Taxpayers who aim to calculate their crypto taxes based on specific identification often resort to alternative cost basis methods within crypto tax software. Methods like HIFO and CCFO (closest cost first out) act as proxies for specific identification, as they closely resemble the gains and losses associated with specifically identified assets. Continuing to allow these alternative methods can ease the administrative burden, especially given the limitations of current crypto tax software.


Key Takeaway
The IRS should consider removing the requirement for taxpayers to specifically identify digital assets before a sale, as it often leads to complexities that are impractical to manage. In the end, even with robust 1099-DA reporting, taxpayers must still rely on crypto tax software to reconcile and ensure accurate reporting to the IRS.



The perpetual mismatch

Taxpayers generally used a universal cost basis method provided by crypto tax software. Bob had 7 centralized exchanges, 29 wallets and 2,467 total transactions in 2022. The software commingles all 2,467 transactions together into a “fictitious universal wallet” AS-IF all of them took place on ONE exchange.
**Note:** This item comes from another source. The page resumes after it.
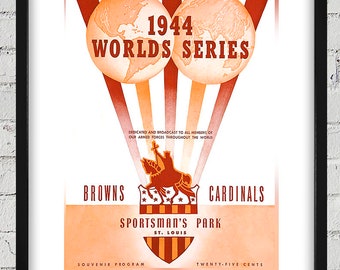 1944 Vintage St. Louis Cardinals - St. Louis Browns World Series Program Cover - Digital Reproduction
Going forward Bob must now track and calculate all his crypto trades on an account-by-account and address-by-address basis. After Bob makes this switch his Coinbase inventory in the software will NOT match the inventory of digital assets Coinbase had on record in Bob’s account.


Key Takeaway
Taxpayers will have perpetual digital asset inventory mismatches between their own records and exchange records with NO way to align the two.



FIFO default and the cost basis mismatch

Furthermore, as explained above centralized exchanges will default to FIFO because they currently don’t provide a mechanism for taxpayers to specifically identify their trades. The exchanges will report on a FIFO basis and taxpayers are still tracking on a specific identification basis resulting in another conundrum.

Bob and his fellow taxpayers end up getting relegated to reconciling every 1099-DA they receive with their own calculations. Are you starting to see the magnitude of the nightmare?

Bob would get 23 1099-DAs from his 7 exchange accounts and 16 DEXs (decentralized exchanges). (The jury is out on whether the DEX will file 1099-DAs) Now Bob has to reconcile every one of his 1099-DAs which likely all differ from his own records. Ouch!

The new crypto tax nightmare

How do you rate crypto tax prep on the nightmare scale from 1 to 10 with 10 being the worst-case scenario? (I already know what the answer is and it’s close to the 10 side of the scale) The total cost is your time, money and energy to get the job done whether you do it yourself or hire a professional.


Key Takeaway
If you think crypto tax calculations are a nightmare you ain’t seen nothin’ yet. The cost of going through the reconciliation ringer is going to double, triple or quadruple the time, money and energy to file your crypto taxes under the new proposed rules. 



Good luck. You’ll need it. Remember there’s always a way so stay tuned as this plays out in the years to come.

Good luck and remember your goal is always to get a Crypto Bullseye™.